Je comptais sur tout ce train pour gagner mon banc sans être vu ; mais, justement, ce jour-là, tout était tranquille, comme un matin de dimanche. (…) M. Hamel me regarda sans colère et me dit très doucement : – Va vite à ta place, mon petit Franz ; nous allions commencer sans toi. (…) ». Un extrait des « Contes du lundi » d’Alphonse Daudet, « La dernière classe », la dernière avant l’annexion de l’Alsace en 1871. Un texte qui m’évoque le doux moment des dictées de mon enfance avec son phrasé particulier, s’appuyant sur le féminin de tel mot ou marquant la lettre double.
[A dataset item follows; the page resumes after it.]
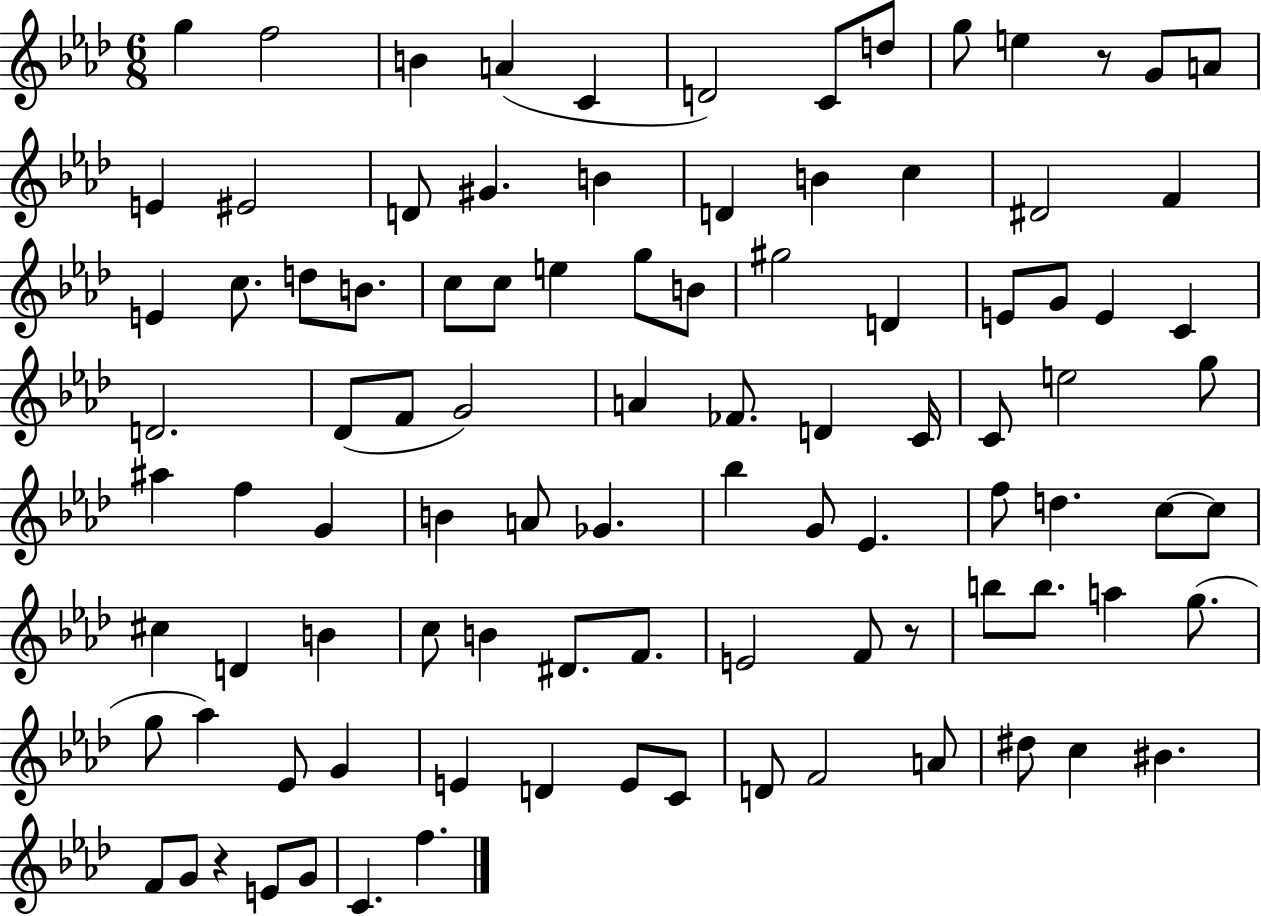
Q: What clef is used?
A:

La mémoire est quand même curieuse. Elle n’en fait qu’à sa tête, même si d’ailleurs la tête n’est pas la sienne mais la mienne. Je fais partie d’une génération où l’école commençait par la onzième, mes premières leçons de calcul me laissaient prendre conscience du décompte sans fin de mes classes vers la première et pire encore vers le zéro que l’on nommait terminale et qui me projetait dans un vertige dont j’ai craint un moment que je ne m’en sortirais pas.

Le maître portait une blouse grise ainsi qu’une longue règle en bois qu’il nous présenta dés le premier jour, il l’appelait sa « camarade » et elle était chargée du maintien de l’ordre dans la classe, avec comme menace suprême, un coup de règle dans le creux de la paume. Dans ce monde où l’on marchait en rang, il y avait quelques moments délicieux. Ainsi, le lundi, un instant magique, douces minutes volées quand le maître allait de table en table, remplir les encriers avec une grande bouteille d’eau dans laquelle il avait préalablement jeté une pastille. Ma matière préférée s’appelait « Les leçons de choses ». Les sciences naturelles y côtoyaient la géographie. Je garde le souvenir du dessin de la fumée d’une locomotive qui selon qu’elle était noire et lourde ou légère et aérienne, donnait le temps à venir. L’éducation nationale, était encore marquée par le bon sens paysan encore majoritaire en cette fin des années cinquante.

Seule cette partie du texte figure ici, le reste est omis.